Input:
* * *
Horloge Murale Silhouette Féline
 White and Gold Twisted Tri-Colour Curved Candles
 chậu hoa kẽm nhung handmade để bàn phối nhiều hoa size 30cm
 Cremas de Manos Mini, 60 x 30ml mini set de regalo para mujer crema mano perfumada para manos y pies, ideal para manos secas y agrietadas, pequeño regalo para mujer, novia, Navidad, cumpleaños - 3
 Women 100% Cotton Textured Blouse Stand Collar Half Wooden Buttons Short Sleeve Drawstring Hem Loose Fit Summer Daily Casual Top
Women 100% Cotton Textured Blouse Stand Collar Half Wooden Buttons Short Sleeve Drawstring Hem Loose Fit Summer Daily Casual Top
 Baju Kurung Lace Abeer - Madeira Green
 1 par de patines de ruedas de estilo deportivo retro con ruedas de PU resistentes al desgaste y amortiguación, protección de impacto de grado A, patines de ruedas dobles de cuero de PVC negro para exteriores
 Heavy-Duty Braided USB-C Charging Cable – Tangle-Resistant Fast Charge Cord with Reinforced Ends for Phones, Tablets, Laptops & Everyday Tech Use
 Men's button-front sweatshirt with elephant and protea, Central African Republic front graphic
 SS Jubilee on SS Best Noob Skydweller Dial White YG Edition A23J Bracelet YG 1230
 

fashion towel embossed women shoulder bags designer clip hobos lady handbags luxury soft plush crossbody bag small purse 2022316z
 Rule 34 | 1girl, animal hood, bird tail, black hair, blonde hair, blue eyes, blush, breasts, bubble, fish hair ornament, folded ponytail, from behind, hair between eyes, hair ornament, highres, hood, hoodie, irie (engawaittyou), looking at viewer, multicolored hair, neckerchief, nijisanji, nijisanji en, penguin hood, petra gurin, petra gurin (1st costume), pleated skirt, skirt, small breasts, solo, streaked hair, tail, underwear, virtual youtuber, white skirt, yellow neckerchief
* * *
Work instructions:
Report only the number of lines above that contain "small".

Finished exercise:
2